Bukva: Russian Sign Language Alphabet
Karina Kvanchiani, Petr Surovtsev, Alexander Nagaev, Elizaveta Petrova, Alexander Kapitanov
TL;DR
The paper tackles the data scarcity problem in Russian Sign Language dactyl recognition by introducing Bukva, the first open-source, full-video dataset for the RSL alphabet with 3,757 samples across 33 signs collected from 155 signers. It presents a rigorous data collection and curation pipeline, including an RSL knowledge exam, multi-stage filtration/validation, and time-interval annotation, and demonstrates that a Temporal Shift Module-based approach enables accurate, real-time recognition on CPU using lightweight architectures like MobileNetV2. Key contributions include the public release of Bukva, demo code, and pre-trained models, alongside a benchmark showing an overall top-1 accuracy of $0.836$ under constrained data conditions and an accessible teaching/demo platform.
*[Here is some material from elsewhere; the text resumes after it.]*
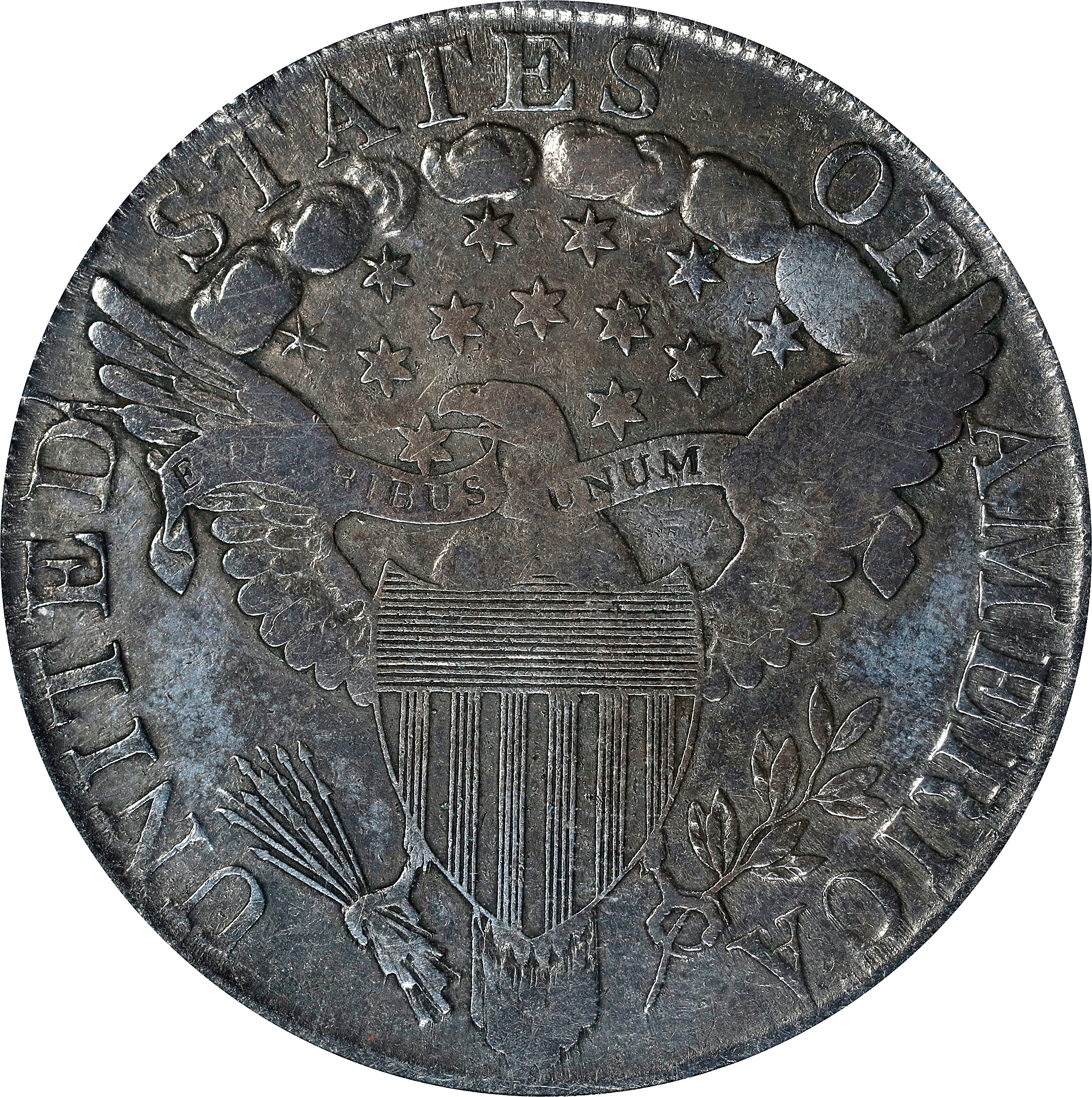 1799 $1  7x6 Stars, B-11, BB-161 G6 CAC thumbnail 9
The work advances sign-language education and potential real-world applications (e.g., education tools, signage at stations) while emphasizing ethical data collection and expert involvement, and it sets a foundation for future continuous dactyl datasets and broader fingerspelling research.
Abstract
This paper investigates the recognition of the Russian fingerspelling alphabet, also known as the Russian Sign Language (RSL) dactyl. Dactyl is a component of sign languages where distinct hand movements represent individual letters of a written language. This method is used to spell words without specific signs, such as proper nouns or technical terms. The alphabet learning simulator is an essential isolated dactyl recognition application. There is a notable issue of data shortage in isolated dactyl recognition: existing Russian dactyl datasets lack subject heterogeneity, contain insufficient samples, or cover only static signs. We provide Bukva, the first full-fledged open-source video dataset for RSL dactyl recognition. It contains 3,757 videos with more than 101 samples for each RSL alphabet sign, including dynamic ones. We utilized crowdsourcing platforms to increase the subject's heterogeneity, resulting in the participation of 155 deaf and hard-of-hearing experts in the dataset creation. We use a TSM (Temporal Shift Module) block to handle static and dynamic signs effectively, achieving 83.6% top-1 accuracy with a real-time inference with CPU only. The dataset, demo code, and pre-trained models are publicly available.